Thirty years later, Close has finally achieved a goal in her life; that of bringing the role of Albert Nobbs to the big screen. Since announcing herself with that Obie award-winning performance, the actress has become one of the most accomplished talents in the business. Her landmark performances include the bunny-boiling Alex in Fatal Attraction (1987), the scheming Marquise in Dangerous Liaisons (1988) and the sneering fashionista, Cruela DeVil, from 101 Dalmatians (1996). Since 2007, the actress has also enjoyed enormous success on the small screen playing uncompromising lawyer, Patty Hewes, on hit show, Damages. Throughout her glittering career, however, Close has never lost sight of the dream of bringing that little George Moore story to a cinema audience.

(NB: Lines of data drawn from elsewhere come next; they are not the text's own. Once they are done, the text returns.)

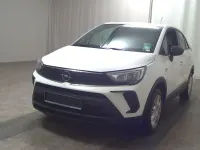Gebraucht Opel Crossland X Selection 83 PS (61 kW) 2022 Jade weiss/arktis weiss (metallic) SUV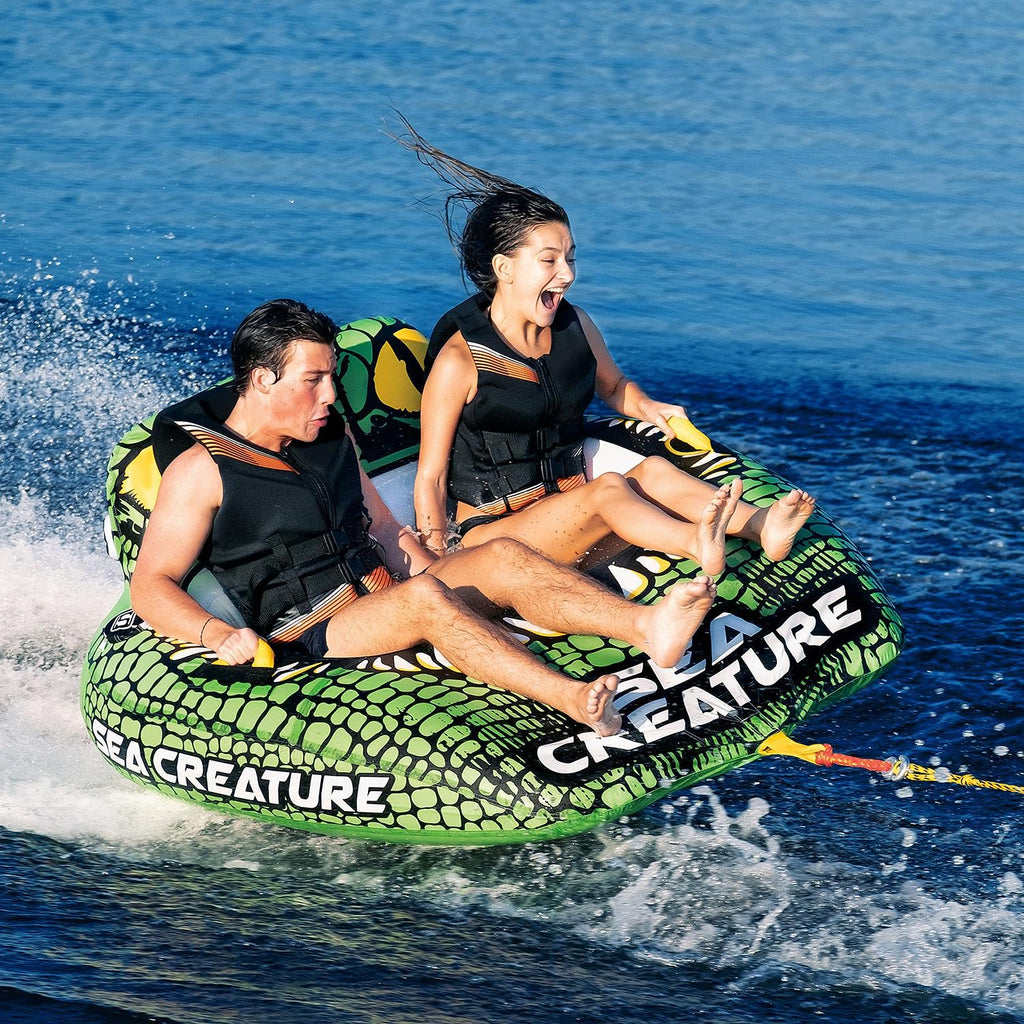 Seachoice Sea-Creature Sit-in Tube Bundle for 1-2 Riders
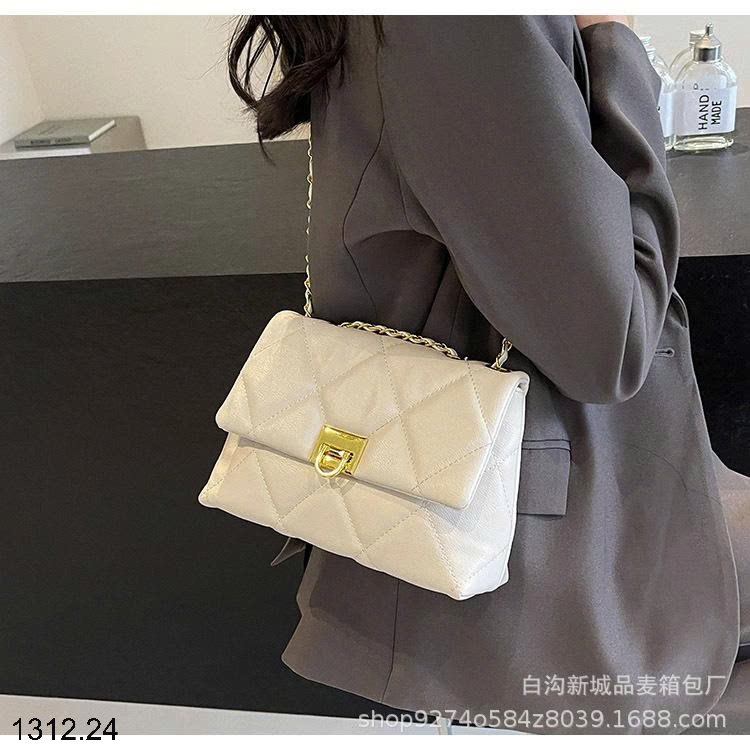 25HA1312.24 - TÚI DÂY XÍCH ĐEO CHÉO CHO NỮ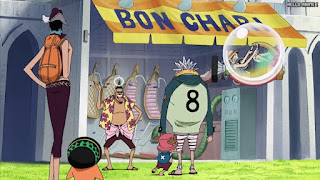 ワンピースアニメ シャボンディ諸島編 391話 ボンチャリ | ONE PIECE Episode 391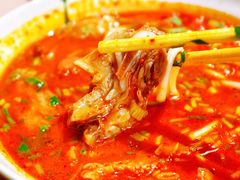 带汤羊杂-有奴思烤肉·清真(正宁路店)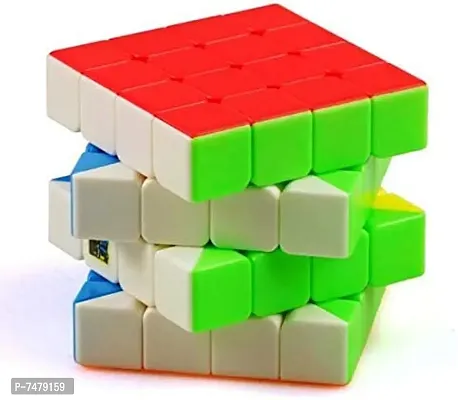 4x4x4 Rubics Cube High Stability Stickerless Speed Cube Puzzle Toy for Kids  Adults-thumb4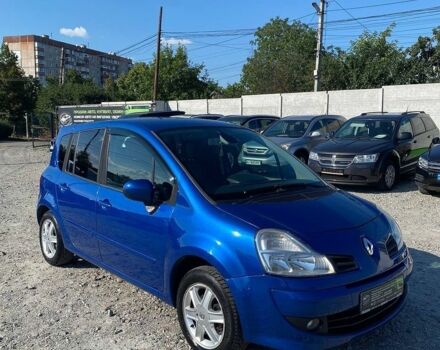 Синий Рено Модус, объемом двигателя 1.6 л и пробегом 145 тыс. км за 5500 $, фото 1 на Automoto.ua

Produced, co-written (with John Banville) and starring the 65-year-old actress, Albert Nobbs opens in Ireland this week, having already been nominated for three Academy Awards: Best Actress (Close), Best Supporting Actress (Janet McTeer) and Best Achievement in Make-up. Not for the first time, though, it was a certain New Jersey actress who pipped Glenn Close to the Best Actress gong.
"I have often been mistaken for Meryl Streep" the actress famously commented, "but never on Oscar night!"
Michael Doherty: Because this movie is the resolution of a long-held dream, Glenn, was there a feeling of trepidation at finally bringing Albert Nobbs to the big screen?
Glenn Close: You know, it was such a long process and, as the main writer, I was deeply into the story, too, so the feeling I had was one of excitement. We had an amazing team of people. I can’t imagine having a better cast or crew to realise the story. I had to pinch myself every day when I arrived on set in Cabinteely. I couldn’t believe we were actually doing it and doing it with such wonderful people. So I didn’t have time for any trepidation!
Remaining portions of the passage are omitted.